And fourth, we utilized catRAPID Global Score with weighted fragmentation to predict FMRP/SARS-CoV-2 interactions. The fragmentation weighted option generates interaction predictions using intact RBP (FMRP) and fragments of the RNA (100–200 nucleotides of positive or negative SARS-CoV-2 RNA), and is useful for the study of RNAs, which are larger than 1,000 nucleotides. FMRP and SARS-CoV-2 RNA are predicted to interact with propensities of 0.93 (positive sense) and 0.87 (negative sense). The top predicted interaction sites for positive and negative sense SARS-COV-2 are provided in the Supplementary Figure S1. Of note, 8 negative sense SARS-CoV-2 RNA fragments spanned the putative G-quartet region and exhibited an average interaction propensity of 5.8 ± 1.2 with FMRP. For comparison of interaction propensities, FMRP interacts with human mRNAs including CAMK2A (BC040457.1), PSD-95 (U83192.1) and APP (BC065529.1) with global scores of 0.54, 0.68 and 0.71, respectively, using the weighted algorithm.

Overall, these molecular modeling studies indicate an overwhelming plentitude of potential interactions between FMRP and SARS-CoV-2 RNA, which remain to be experimentally validated. FMRP is predicted to bind along 25 kB of the 29.8 kB length of positive and negative sense SARS-CoV-2 RNAs such that the RNA could act as a sink for FMRP and other RBP and prevent their normal function.
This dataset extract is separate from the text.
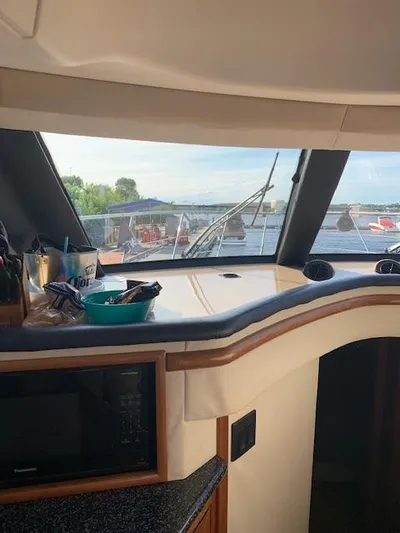  Yacht Photos Pics Interior view of 1999 Carver 450 Voyager yacht with kitchen and scenic window.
The predicted interaction propensities of FMRP with SARS-CoV-2 positive and negative sense RNAs are stronger than known FMRP target mRNAs.

Repurposing mGluR5 Inhibitors for Treatment of COVID-19

The leading drug target to date for FXS is the glutamate-activated, G-protein-coupled receptor mGluR5, which signals through FMRP (Bear et al., 2004; Stoppel et al., 2017). The mGluRs contain a large extracellular amino terminal domain, a heptahelical transmembrane region, and an intracellular carboxy terminal domain. Negative allosteric modulators (NAMs) of mGluR5 bind to the transmembrane heptahelical domain. These drugs are potent, non-competitive, selective and systematically active allosteric antagonists that are under study for a range of indications including anxiety, epilepsy, pain, depression, Parkinson’s disease, gastroesophageal reflux disease, FXS, autism, and addiction (Westmark, 2014). There has been a concerted effort to repurpose mGluR5 NAMs for the treatment of FXS where these drugs rescue disease phenotypes in multiple preclinical models and have been safely tested in clinical trials (Gravius et al., 2010; Michalon et al., 2012; Scharf et al., 2015; Berry-Kravis et al., 2017). Although mGluR5 expression is enriched in brain tissue, the receptor is ubiquitously expressed in the body including the lungs2. We hypothesize that mGluR5 NAMs could be a prophylactic treatment to slow viral protein synthesis in patients infected with SARS-CoV-2.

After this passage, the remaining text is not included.